Lindsay-Abaire isn’t the only one to tie luck to hard work; Thomas Jefferson stated, “I am a great believer in luck, and I find the harder I work the more I have of it.” Hard to argue with. But generally speaking, those who make such statements aren’t doing the hard physical labor. Like those who laid the rails. Or struggle in our mines. Or cook in our kitchens. Those workers don’t appear lucky to me. Yet, I guess Jefferson and plenty of other smart folks have a point about drive and toiling toward serendipity…

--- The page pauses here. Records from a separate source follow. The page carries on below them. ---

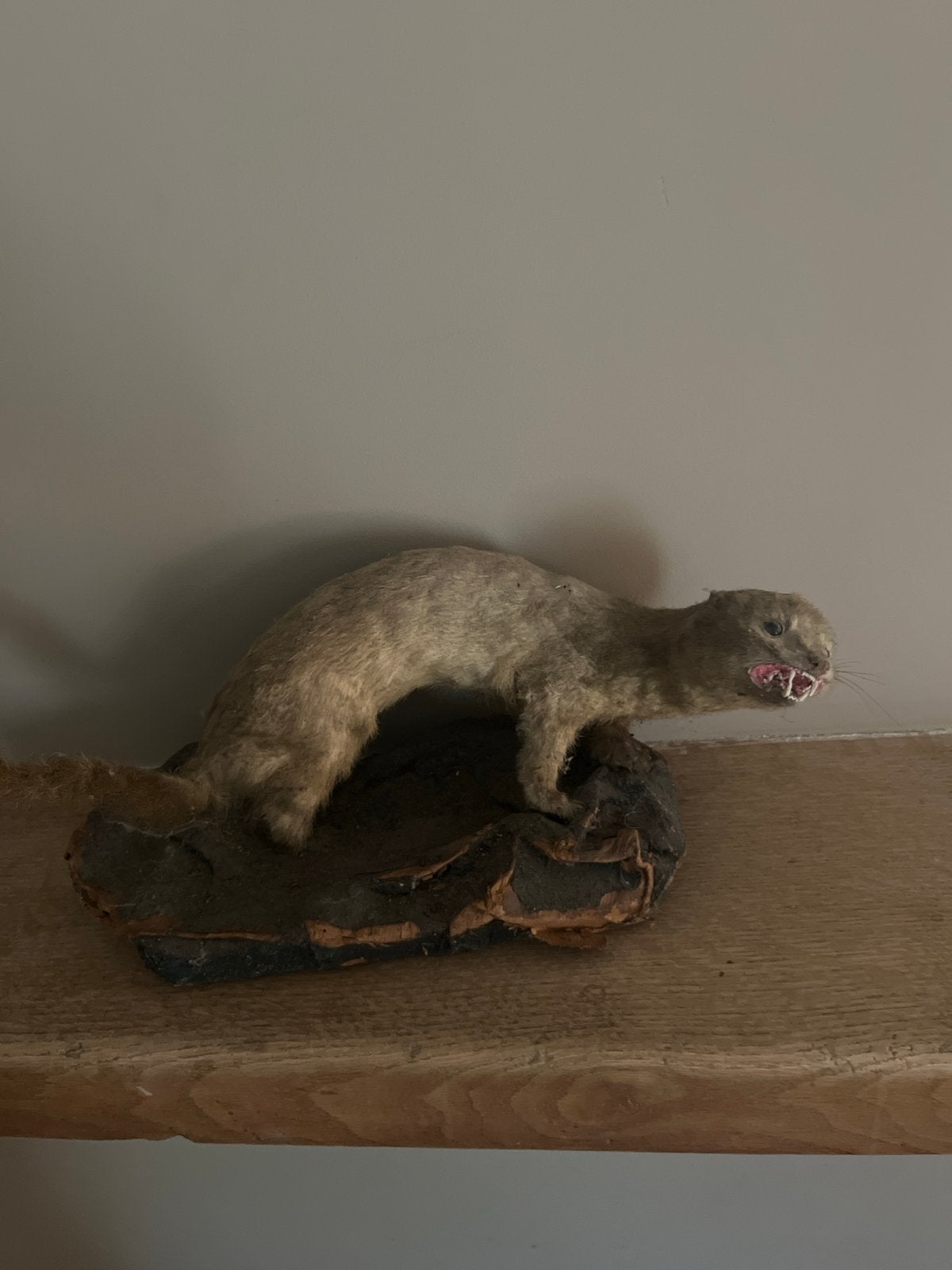 Opgezette Hernelijn - Uniek Decoratiestuk, Verzamelen, Ophalen of Verzenden, Gebruikt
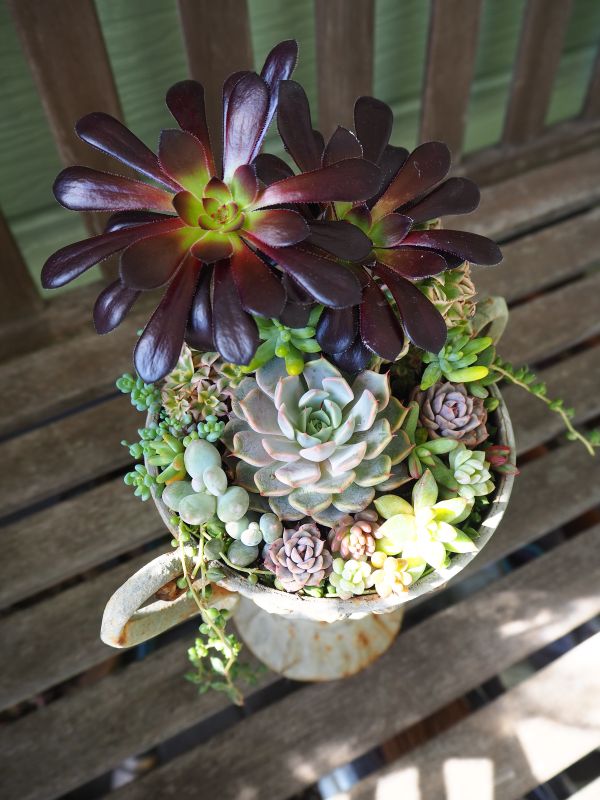 黒法師の寄せ植え : ロココのやさしい時間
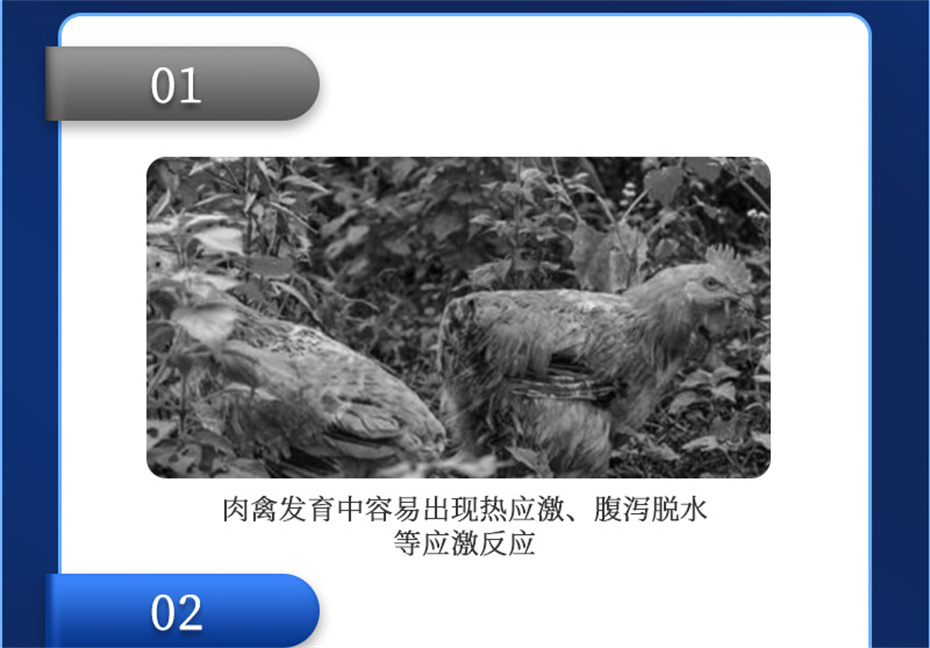 jxf吉祥坊动保禽饲料添加剂禽肽重产品介绍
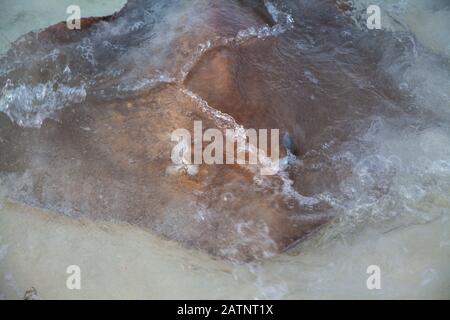 Razze animali pericolosi sulla spiaggia alle Maldive Foto Stock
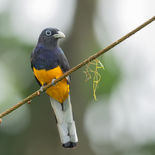 Witstaarttrogon - White-tailed Trogon - Ecuador - 7 oktober 2021 - A69I0104.jpg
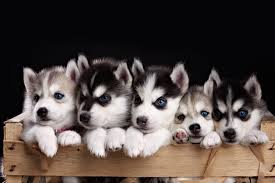 Bulach kennels is the place to find the perfect gift for your loved ones and we are committed to miniature american eskimo american eskimo puppies for sale near me american eskimo puppies for sale craigslist. Huskies For Sale Near Me Craigslist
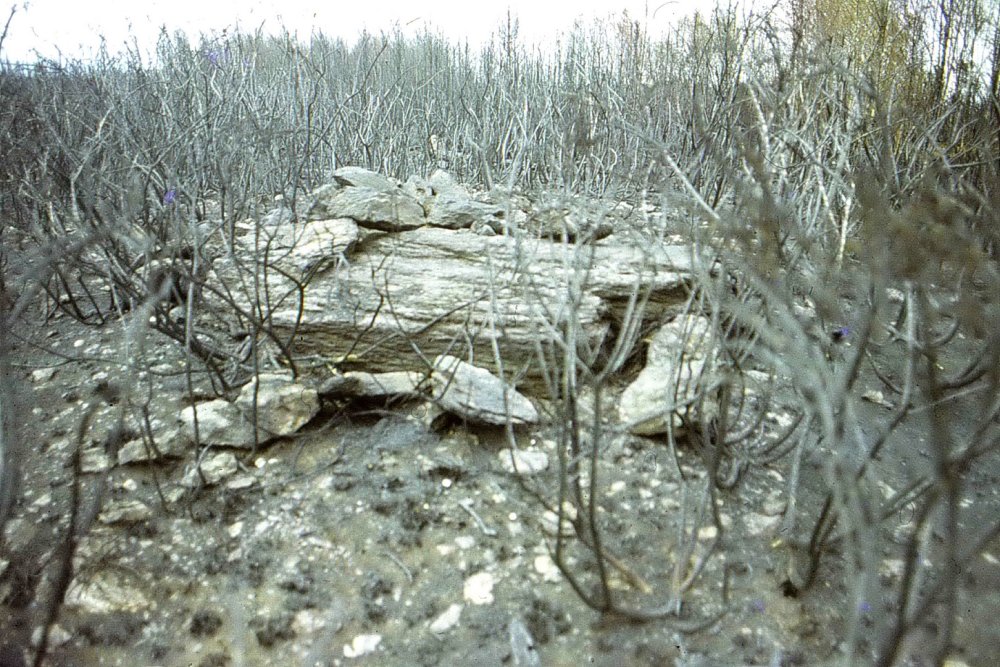 Tumulus de Tiot après l'incendie de 1984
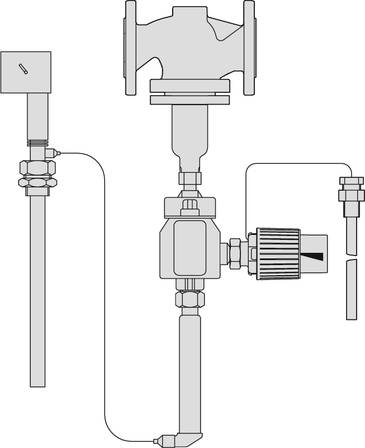 2 Port Temperature Controller - Flanged 2422 - Temperature Regulator/ Limiter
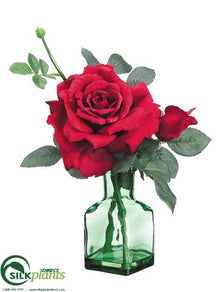 Rose - Red - Pack of 6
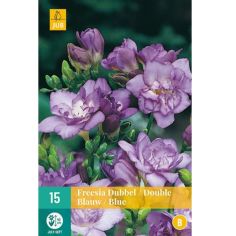 Freesia Double Blue - Pack of 15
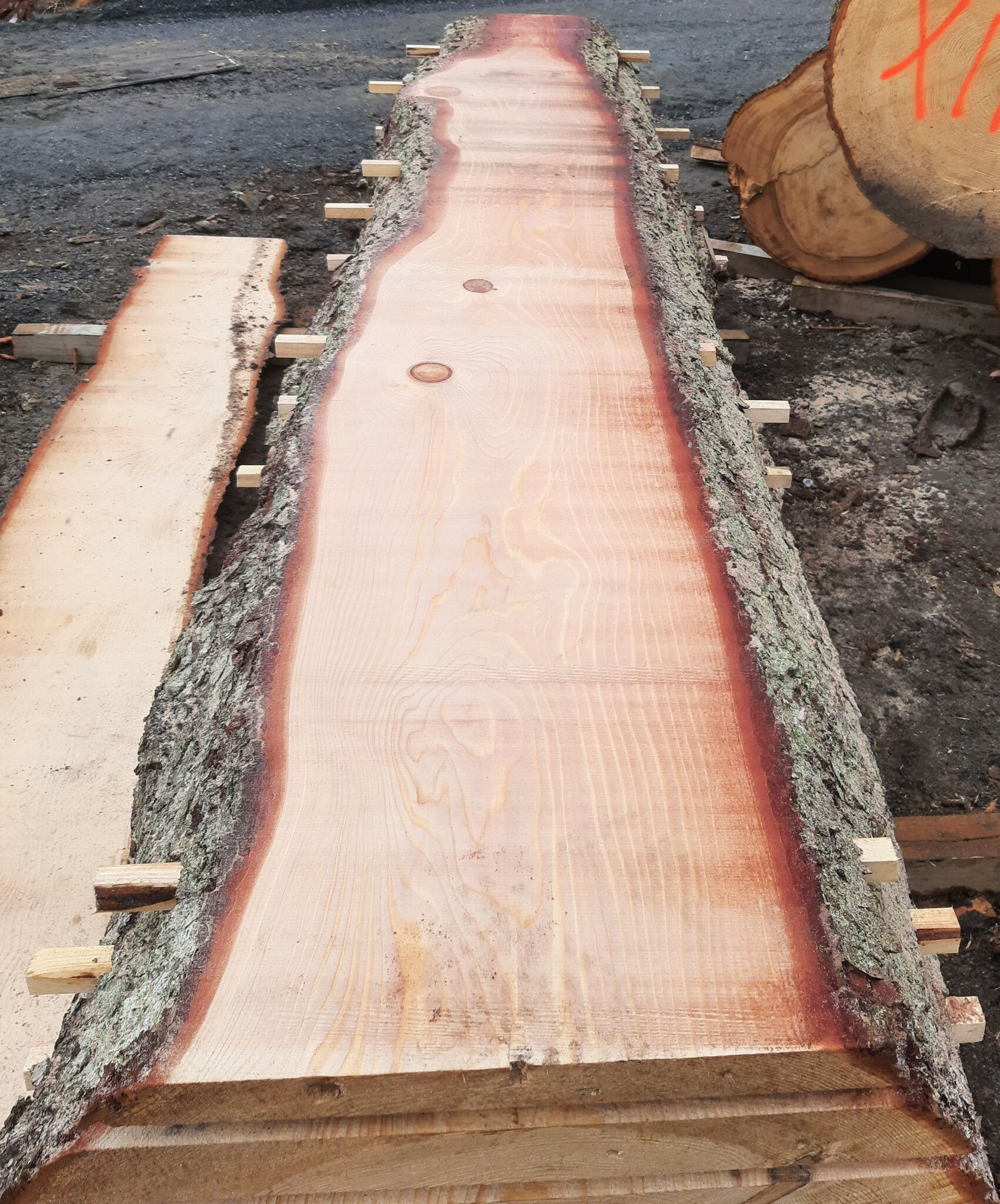 Gran 7 - 52x840x3400 - planke 1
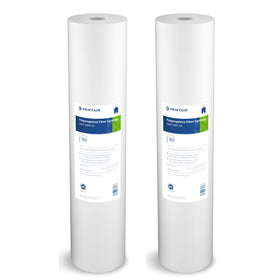 Pentek DGD-5005-20 cartridge in Big Blue housing delivers high dirt-holding capacity.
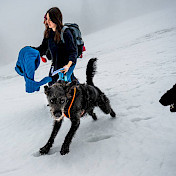 im Schnee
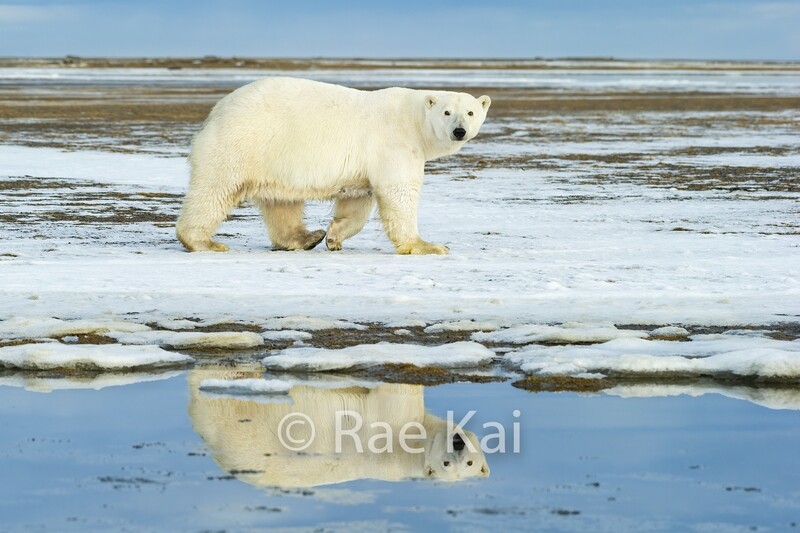 Polar Bear Reflection-Traditional Photo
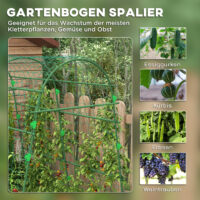 Rankbogen gross mit Vogelschutznetz für den Garten aus Metall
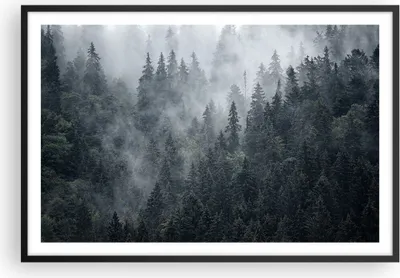 Produktbild von Gerahmtes Poster - Schwarzer Rahmen - Wald Baum Natur - 91,5x61 cm - Wand Bild - Wanddeko - Wandbilder - Kunstposter - Wandposter - Bilderrahmen - Bilder - Kunstdruck - Wandbild - P2BAA91x61-4074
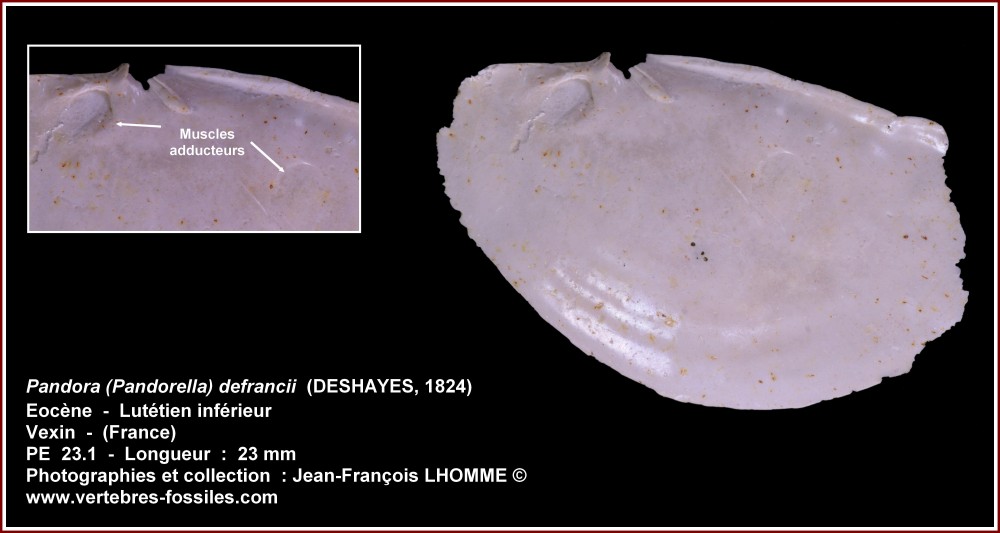 pl_pandora_defrancii_vexin.jpg
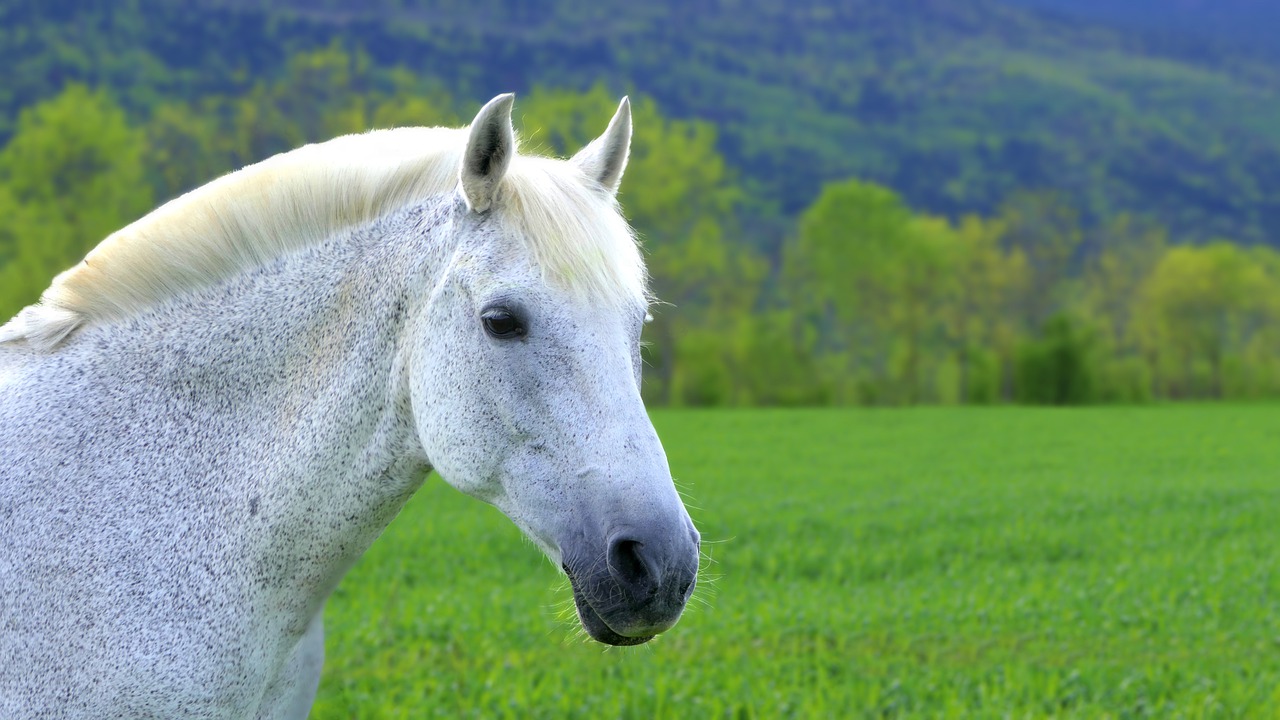 horse, white, mare-5160717.jpg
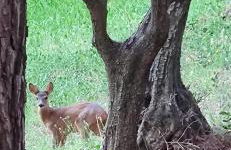 Stunning Country House overlooking Tuscany hills - Foto 2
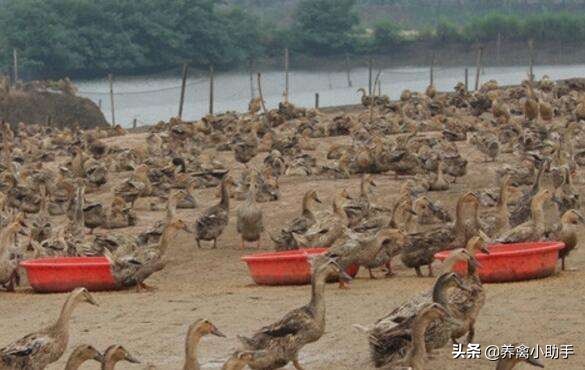 蛋鸭怎么养不怕人,蛋鸭养殖水质变差如何处理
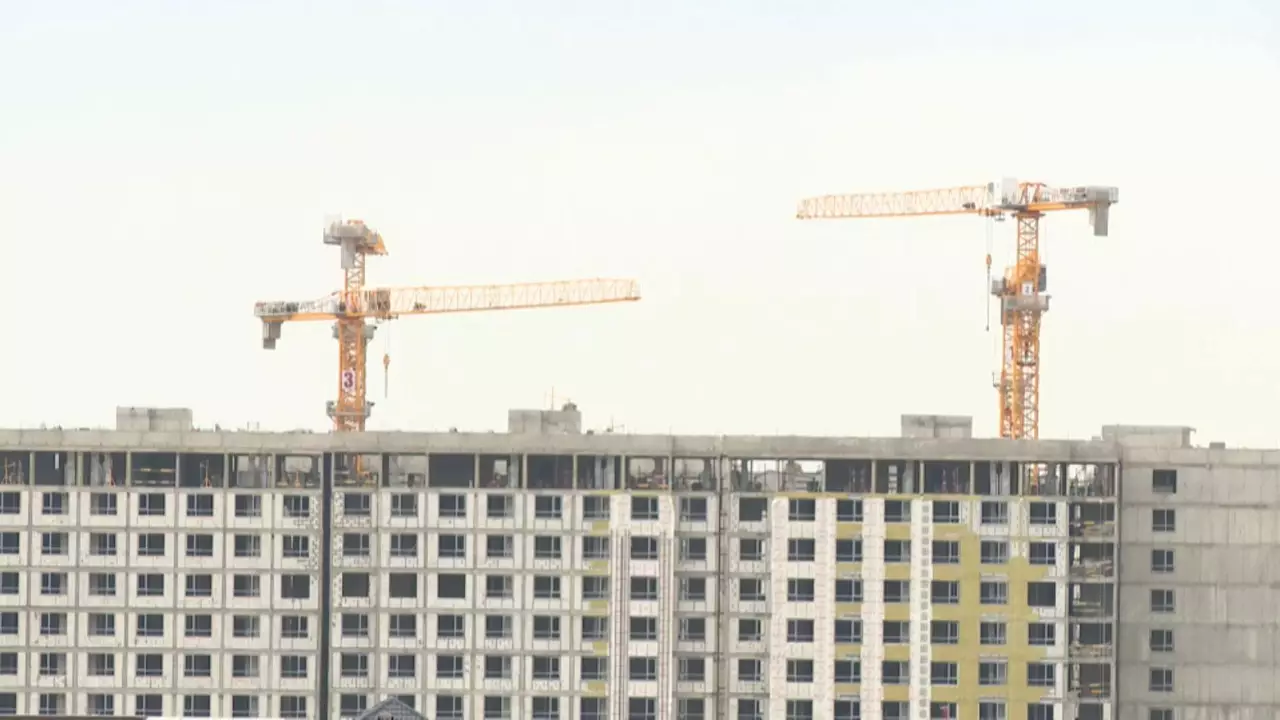 Алматы облысының өнім көлемі едәуір артты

Curiously, there is another conviction, that one is responsible for creating good fortune for ourself. This belief is echoed by celebrated heros: “The best luck of all is the luck you make for yourself” (Douglas MacArthur). But is this really luck, if you orchestrate the riches or position or whatever it is that you are feeling lucky about? I mean, isn’t the whole point of luck that it falls into your path? Seems very trendy right now, this wishing and manifesting, this control over fortuity that has captured our cultural imagination. We can even buy apps for our iPhone to daily remind us to be among the millions world-wide to transform an otherwise inauspicious life, and for only $4.99! (The Secret Daily Teachings for iPhone). Apparently, although money can’t buy you love, it can navigate you to a life filled with intentional luck…

At some point in anyone’s musings on luck, you have to consider the Irish, who have expression after expression on the subject. “May good luck be your friend in whatever you do and may trouble be always a stranger to you,” Even blessings, “For each petal on the shamrock this brings a wish your way: good health, good luck, and happiness for today and every day.” Such a mystery to me, since by any account the Irish don’t seem to have much luck at all, do they? Yet, as far as cultures go, the Irish have lined the shelves on the topic of luck. Ostensibly, no despair can be felt for too long if you know an Irishman…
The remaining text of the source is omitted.